Today started well.

When I woke up I had that familiar numbness behind the eyes that goes with pushing out a blog post in the early AM’s before diving into bed next to my less-than-impressed darling wife.

On the upside my 3year old son was cradled in my arms, snuggling in best he could, and my daughter lay stretched out next to Elzje. Yep, today started well.

Then I got to work…

The Background

I have a particular client. Smallish network, not well taken care of. The network is lorded over by an ancient IPCop installation. This installation has caused me to personally hate IPCop, and every Nerdsonsite/Geek Squad hack who thinks being able to set up IPCop makes you a network admin. Let me quickly say that I know a few Nerdsonsite guys that are reallyreally technically capable, but there are always the few who make the others look bad.

This IPCop installation was done by “our previous IT guys” and from the sound of it he was one of these generic “I can do you an IPCop install no problem” types.

I inherited this piece of doodoo.

Their router that the IPCop box PPPd over died, so I had to reconfigure that. IPCop predictably decided to refuse to dial, so I needed to check what username and password was used.

Ended up hacking the root password for IPCop in order to get to the PPP config file.

THEN we needed to change some things related to how the proxy logs traffic, and oh, won’t I set up some openvpn logins for them – without the effing certificate or any other info. Had to hack the IPCop admin password to do that.

I HATED doing that. But, c’es la vie, part of the job, yes?

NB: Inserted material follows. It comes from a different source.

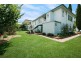 215 High Street, Lismore Heights NSW 2480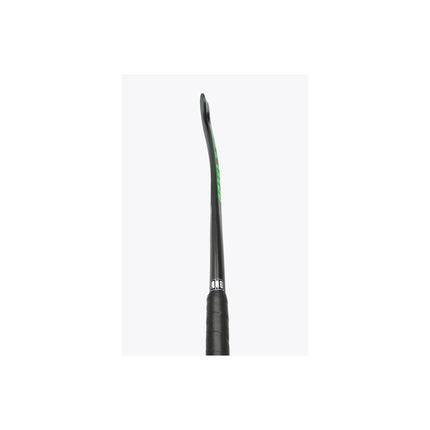 Osaka Pro Bow 40 Futurelab Hockey Stick 2026/2027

I made a point of providing them with every password I created for the IPCop firewall, their Windows 2003 server (oh yes I had to “find” that too for them) and would often write it on the receptionest/lady responsible for logging my visits desktop calendar in order for her to transfer it to her diary/wehereverthehellpasswordsgotodie.

The Phone Call

So, this morning, not having heard from this client for MONTHS, I think it has been about six months plus since I had last been there, I settled in at my desk with some misplaced and in the end futile hopes of having one of those better days IT guys talk about around the late night glimmer of a console as log files scroll by…

What, you thought I was going to say “campfire”!? IT guys don’t camp – our clients do stuff like that while we fix their servers, that they broke, again, late at night, on a weekend, in the middle of our holiday, on our anniversary, while fighting off a bout of the flu.

So, the phone call.

Said receptionist calls, talking to my colleague – could I provide her with the WiFi password. I had not set up their WiFi, and it has been six months or more. He asked me and I said nyet, I do not have it.

She asks to speak to me, and she rails on me because “You even wrote it down on my calendar for me!!!!”

Well b*tch – where did that password go? (I did not say that, I am more professional than that.)

After trying to convince me that I should, in fact, magically have their password somewhere up my ass sleeve she asked to speak to my colleague again.

For a whole ten minutes she tried to convince him that I was lying, that there are people at their office who can “verify” that I set up their WiFi, and that I need to give it to them. Now.

When you lie you lie, even when you don’t

Eventually the conversation ended with a very upset client, adamantly believing that I just screwed them because I wanted, and me being upset for being blatantly called a liar. More than once.

So, note to all IT guys and guys wanting to go into IT – let the client SIGN a document in your possession when you do things for them. For even the smallest job, even something like setting up a billion router for a tannie in her house so she can write her kitty blog – LET THE CLIENT SIGN!

Clients memory is as fluid as are their needs – they will try and make it your fault even when it isn’t, and call you a liar for telling the truth.